[[ Working data open ]]

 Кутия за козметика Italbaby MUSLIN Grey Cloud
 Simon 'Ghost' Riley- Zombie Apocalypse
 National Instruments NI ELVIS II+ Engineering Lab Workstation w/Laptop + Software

[[ Working data closed ]]
[[ Working data open ]]

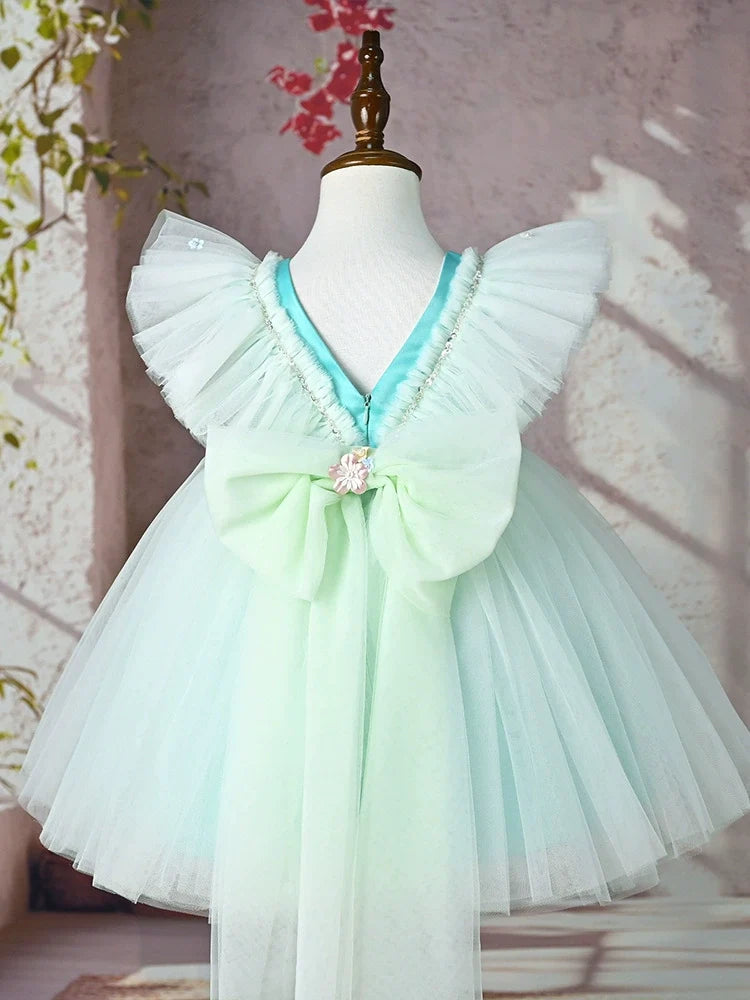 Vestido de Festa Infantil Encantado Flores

[[ Working data closed ]]
[[ Working data open ]]

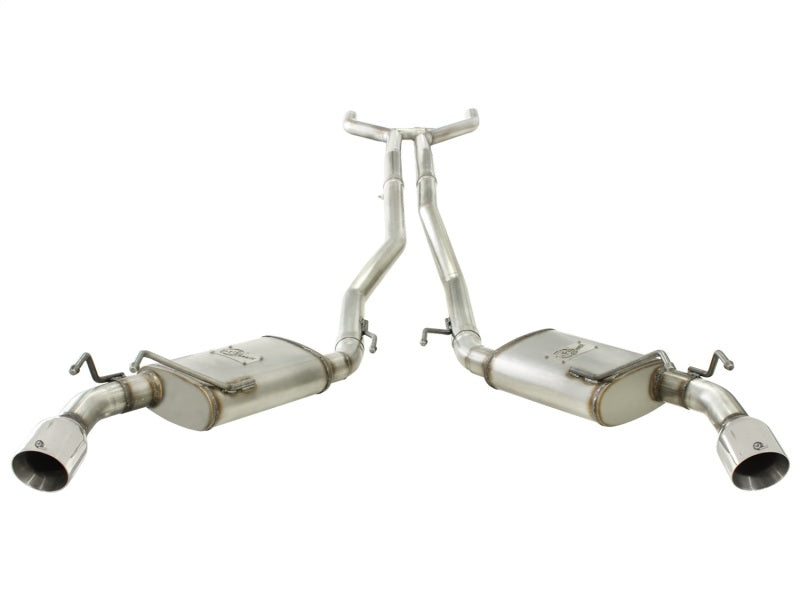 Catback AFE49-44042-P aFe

[[ Working data closed ]]

● Exercise requirements:
Could you restate, word for word, the lines above from the one with "Кутия за козметика" to the one with "National Instruments NI", both included?

● Task solution:
 Кутия за козметика Italbaby MUSLIN Grey Cloud
 Simon 'Ghost' Riley- Zombie Apocalypse
 National Instruments NI ELVIS II+ Engineering Lab Workstation w/Laptop + Software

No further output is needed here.